UZI - Gostaria que falássemos do novo disco a partir do “Uivo”, de certa forma a espinha dorsal do disco...
Adolfo - O disco tem tudo a ver com o “Uivo”. A base de partida para o disco foi, de certo modo, a ideia de fazermos o nosso próprio “Uivo”. Pegámos em duas ideias constantes dele, que é a ideia de retrato geracional, em termos temáticos. Por outro lado, a constatação desse retrato por sobreposição de quadros, histórias, cenas. Foi assim que partimos para o “Nús”. Não com o objectivo de fazer uma obra literária, como é o caso do original de Allen Ginsberg, mas uma obra musical. Cada qual foi para o seu canto trabalhar, os temas, criar. O Miguel Pedro fez o tema longo, o “Gumes”, que é a espinha dorsal, que engloba em si todas estas características. A sua elaboração, quer a nível de letra quer a nível de construção é já um trabalho de sobreposição.

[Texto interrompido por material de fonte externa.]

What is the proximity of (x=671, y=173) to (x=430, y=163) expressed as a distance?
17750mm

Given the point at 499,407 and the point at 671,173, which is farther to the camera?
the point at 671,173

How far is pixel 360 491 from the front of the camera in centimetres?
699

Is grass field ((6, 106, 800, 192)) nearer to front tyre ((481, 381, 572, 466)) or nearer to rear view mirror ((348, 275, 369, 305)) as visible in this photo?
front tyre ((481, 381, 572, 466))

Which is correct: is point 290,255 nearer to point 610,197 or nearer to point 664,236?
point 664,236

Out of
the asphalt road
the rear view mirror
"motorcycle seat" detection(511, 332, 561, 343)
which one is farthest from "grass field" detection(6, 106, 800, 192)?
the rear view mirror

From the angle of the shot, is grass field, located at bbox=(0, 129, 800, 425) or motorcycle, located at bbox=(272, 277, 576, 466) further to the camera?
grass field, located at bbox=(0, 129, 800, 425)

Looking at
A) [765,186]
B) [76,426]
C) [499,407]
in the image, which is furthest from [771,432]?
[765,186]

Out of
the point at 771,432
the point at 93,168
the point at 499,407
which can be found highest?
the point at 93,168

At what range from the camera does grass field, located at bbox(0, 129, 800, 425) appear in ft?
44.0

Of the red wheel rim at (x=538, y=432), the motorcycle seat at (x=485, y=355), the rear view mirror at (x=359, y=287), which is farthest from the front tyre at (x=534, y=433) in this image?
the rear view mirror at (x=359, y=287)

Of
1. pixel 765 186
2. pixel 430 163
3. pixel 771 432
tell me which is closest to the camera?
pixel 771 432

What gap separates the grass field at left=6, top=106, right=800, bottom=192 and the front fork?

U - É daqui que parte o disco?
A - Este trabalho, as músicas foram sendo feitas ao mesmo tempo que “Gumes”. Algumas desenvolveram-se, outras foram feitas até antes do “Gumes”. Estes temas acabam por funcionar como desenvolvimentos ou sublinhados de coisas que já estão afloradas no tema central, digamos.

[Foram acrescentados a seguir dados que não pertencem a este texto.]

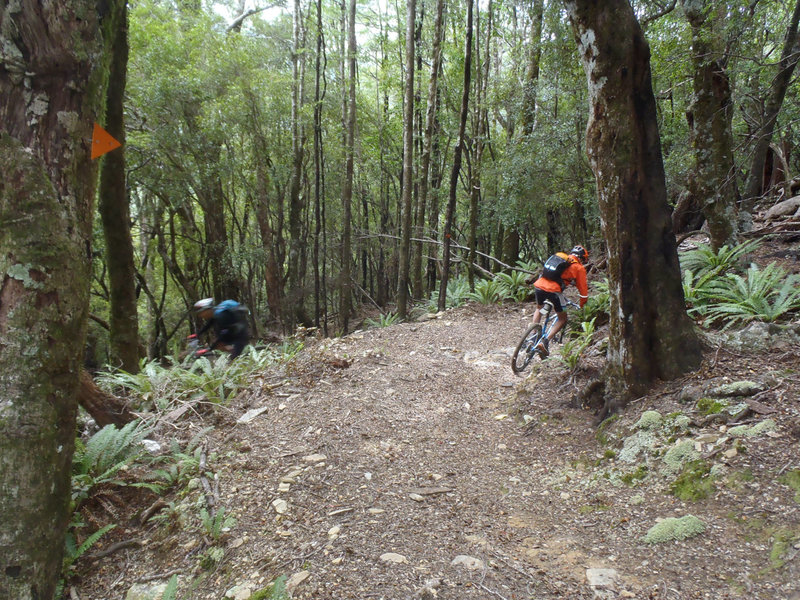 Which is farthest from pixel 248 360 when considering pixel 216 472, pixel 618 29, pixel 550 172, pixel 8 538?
pixel 550 172

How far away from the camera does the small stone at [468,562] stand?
2697 mm

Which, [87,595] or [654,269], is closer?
[87,595]

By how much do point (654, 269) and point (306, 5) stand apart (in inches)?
726

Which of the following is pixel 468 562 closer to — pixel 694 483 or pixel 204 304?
pixel 694 483

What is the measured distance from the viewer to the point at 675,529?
2738 mm

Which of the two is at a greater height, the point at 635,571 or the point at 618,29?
the point at 618,29

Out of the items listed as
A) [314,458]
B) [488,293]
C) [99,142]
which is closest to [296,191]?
[488,293]

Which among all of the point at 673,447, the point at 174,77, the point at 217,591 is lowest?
the point at 217,591

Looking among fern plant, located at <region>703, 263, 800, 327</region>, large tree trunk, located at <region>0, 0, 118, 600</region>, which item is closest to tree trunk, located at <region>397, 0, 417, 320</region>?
fern plant, located at <region>703, 263, 800, 327</region>

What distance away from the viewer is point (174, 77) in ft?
42.9

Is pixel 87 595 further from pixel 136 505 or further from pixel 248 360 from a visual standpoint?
pixel 248 360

U - Em relação à temática, o retrato geracional, como é que ele reflecte a geração efervescente de Braga em meados de 80?
A - A capa do disco contém a frase do “Uivo” de Ginsberg: “ Vi os melhores espíritos da minha geração destruídos pela loucura, esfomeados, histéricos, nús”. Aqui a ideia também foi pegar nos melhores espíritos da nossa geração, aqueles que não se comformaram com o “status quo” bracarense da época, e que pegaram em mãos, pelo menos, a mudança desse “status” em relação à própria vida. O que deu frutos, nomeadamente nos anos 80. Foi toda aquela geração mítica, a da “movida” bracarense de meados da década. Que ainda se compunha de uma centena de pessoas, talvez umas trinta mais activas, Talvez. Mas todos mexeram com muita gente.

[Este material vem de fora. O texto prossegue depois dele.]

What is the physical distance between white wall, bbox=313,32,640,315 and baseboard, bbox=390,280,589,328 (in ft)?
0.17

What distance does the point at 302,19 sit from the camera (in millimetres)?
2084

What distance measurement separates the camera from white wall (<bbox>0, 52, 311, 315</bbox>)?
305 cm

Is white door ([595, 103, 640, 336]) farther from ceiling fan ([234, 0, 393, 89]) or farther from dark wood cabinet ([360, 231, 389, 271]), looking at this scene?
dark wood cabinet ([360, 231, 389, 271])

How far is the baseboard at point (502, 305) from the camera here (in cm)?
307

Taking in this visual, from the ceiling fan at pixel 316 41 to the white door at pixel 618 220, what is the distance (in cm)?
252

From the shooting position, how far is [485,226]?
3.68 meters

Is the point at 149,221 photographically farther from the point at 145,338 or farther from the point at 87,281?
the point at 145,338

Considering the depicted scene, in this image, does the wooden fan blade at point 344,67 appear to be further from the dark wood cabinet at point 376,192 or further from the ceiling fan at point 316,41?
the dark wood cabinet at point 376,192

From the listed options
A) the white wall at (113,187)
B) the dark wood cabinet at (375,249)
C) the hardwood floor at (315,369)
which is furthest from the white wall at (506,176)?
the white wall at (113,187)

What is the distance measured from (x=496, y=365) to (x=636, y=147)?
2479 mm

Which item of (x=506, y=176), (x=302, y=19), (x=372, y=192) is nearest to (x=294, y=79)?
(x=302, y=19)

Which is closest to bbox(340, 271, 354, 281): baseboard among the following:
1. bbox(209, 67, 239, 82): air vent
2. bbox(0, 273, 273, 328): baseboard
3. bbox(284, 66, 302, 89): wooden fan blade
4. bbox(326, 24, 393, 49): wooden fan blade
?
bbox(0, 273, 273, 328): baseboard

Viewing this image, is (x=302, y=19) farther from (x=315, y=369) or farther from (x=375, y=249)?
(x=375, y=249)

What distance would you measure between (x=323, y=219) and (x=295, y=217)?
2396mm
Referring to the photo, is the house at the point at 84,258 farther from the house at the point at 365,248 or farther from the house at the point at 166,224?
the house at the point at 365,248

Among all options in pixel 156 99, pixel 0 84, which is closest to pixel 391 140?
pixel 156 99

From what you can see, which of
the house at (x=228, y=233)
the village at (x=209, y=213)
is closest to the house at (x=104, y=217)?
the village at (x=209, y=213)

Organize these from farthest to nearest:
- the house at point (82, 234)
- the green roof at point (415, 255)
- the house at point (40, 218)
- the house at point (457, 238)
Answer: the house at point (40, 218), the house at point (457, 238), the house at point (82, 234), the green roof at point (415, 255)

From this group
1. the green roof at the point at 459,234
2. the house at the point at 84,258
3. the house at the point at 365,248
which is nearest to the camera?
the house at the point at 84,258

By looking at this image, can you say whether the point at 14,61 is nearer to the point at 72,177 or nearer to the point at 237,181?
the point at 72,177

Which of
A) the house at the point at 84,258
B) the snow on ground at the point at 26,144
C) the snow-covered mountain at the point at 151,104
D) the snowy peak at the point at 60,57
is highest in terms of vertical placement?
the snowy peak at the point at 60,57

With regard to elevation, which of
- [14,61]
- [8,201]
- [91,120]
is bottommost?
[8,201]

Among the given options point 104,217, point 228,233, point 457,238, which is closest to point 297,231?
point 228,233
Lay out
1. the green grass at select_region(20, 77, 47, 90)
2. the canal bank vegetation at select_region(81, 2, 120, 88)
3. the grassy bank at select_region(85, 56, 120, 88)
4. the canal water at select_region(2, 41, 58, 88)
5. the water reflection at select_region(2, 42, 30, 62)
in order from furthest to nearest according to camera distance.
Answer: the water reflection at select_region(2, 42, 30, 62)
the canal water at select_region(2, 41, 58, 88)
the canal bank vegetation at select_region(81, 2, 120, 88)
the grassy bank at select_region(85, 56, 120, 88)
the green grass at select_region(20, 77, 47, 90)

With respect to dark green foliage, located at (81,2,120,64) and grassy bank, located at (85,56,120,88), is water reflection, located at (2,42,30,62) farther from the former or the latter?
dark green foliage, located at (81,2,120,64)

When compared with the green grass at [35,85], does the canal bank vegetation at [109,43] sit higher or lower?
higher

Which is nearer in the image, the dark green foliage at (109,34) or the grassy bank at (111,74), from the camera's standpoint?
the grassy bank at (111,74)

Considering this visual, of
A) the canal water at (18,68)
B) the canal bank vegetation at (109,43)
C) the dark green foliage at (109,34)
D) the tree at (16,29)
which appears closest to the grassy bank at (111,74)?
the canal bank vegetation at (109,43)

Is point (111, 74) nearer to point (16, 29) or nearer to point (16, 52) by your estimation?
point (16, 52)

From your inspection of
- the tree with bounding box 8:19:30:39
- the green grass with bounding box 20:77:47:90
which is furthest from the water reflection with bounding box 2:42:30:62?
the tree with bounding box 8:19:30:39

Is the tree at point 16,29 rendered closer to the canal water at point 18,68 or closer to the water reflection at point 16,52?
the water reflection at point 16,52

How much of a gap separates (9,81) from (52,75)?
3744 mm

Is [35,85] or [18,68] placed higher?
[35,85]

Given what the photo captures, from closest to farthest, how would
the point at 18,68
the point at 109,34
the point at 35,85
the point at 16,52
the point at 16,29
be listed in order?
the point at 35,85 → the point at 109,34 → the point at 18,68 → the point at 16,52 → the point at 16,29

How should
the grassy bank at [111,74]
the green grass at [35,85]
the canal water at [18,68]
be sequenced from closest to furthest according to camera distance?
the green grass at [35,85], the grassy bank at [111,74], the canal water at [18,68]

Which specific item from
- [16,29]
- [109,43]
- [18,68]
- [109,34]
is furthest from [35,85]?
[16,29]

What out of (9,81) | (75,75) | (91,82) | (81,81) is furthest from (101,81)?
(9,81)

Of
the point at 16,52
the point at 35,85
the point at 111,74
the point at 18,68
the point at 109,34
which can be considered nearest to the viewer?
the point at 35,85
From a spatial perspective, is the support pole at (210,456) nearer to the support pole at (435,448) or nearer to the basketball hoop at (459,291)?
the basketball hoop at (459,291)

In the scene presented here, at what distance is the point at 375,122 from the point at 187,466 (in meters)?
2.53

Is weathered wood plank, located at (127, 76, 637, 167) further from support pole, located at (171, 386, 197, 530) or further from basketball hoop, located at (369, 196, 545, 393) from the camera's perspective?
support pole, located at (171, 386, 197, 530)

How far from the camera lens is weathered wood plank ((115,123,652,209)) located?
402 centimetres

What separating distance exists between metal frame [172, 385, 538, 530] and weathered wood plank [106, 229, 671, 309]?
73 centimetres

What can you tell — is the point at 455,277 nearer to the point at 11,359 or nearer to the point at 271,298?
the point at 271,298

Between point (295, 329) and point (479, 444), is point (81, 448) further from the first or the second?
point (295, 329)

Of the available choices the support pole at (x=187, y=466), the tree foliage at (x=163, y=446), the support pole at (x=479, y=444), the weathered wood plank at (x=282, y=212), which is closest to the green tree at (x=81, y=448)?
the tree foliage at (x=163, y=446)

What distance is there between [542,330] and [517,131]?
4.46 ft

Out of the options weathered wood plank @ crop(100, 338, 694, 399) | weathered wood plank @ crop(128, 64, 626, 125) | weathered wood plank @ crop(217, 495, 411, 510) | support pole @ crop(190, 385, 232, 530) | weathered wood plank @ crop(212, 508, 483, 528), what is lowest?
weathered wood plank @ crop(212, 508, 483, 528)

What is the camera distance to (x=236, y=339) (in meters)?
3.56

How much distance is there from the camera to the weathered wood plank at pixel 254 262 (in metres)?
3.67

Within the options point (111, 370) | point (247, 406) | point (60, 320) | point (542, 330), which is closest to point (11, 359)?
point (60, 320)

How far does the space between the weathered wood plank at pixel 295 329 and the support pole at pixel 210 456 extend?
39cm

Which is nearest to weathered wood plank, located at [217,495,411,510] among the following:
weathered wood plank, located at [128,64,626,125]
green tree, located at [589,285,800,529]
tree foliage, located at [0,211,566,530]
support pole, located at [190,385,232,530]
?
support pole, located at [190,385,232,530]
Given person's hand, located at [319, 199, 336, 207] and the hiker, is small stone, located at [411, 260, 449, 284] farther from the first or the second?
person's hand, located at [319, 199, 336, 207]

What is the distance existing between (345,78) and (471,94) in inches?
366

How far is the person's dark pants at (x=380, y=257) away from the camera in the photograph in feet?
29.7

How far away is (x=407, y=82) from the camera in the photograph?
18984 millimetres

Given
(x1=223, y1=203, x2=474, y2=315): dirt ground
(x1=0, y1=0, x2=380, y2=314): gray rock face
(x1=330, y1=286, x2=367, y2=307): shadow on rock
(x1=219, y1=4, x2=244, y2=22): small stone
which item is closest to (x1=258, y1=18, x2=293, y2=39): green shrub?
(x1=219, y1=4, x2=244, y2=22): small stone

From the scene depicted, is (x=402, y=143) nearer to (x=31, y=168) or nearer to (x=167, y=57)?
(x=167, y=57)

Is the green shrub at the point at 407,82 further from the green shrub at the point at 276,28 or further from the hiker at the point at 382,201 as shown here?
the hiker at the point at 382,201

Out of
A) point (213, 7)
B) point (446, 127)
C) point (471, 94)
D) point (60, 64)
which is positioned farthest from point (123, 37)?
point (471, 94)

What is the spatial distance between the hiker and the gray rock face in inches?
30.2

É um bocado sobrepôr várias pessoas que viveram nesta cidade nessa época com as suas experiências, e cuja soma dá esse retrato de uma geração que foi até ao fim da sua vontade, que transformou o seu sonho em realidade e que depois, como todas as gerações, acaba por sofrer o choque com a sociedade, mais cedo ou mais tarde.
U - Pode-se dizer que é um disco conceptual?
A - Não gosto de lhe chamar um disco conceptual. Senão, o que chamaria ao “Latrina”, ou ao “Muller”?...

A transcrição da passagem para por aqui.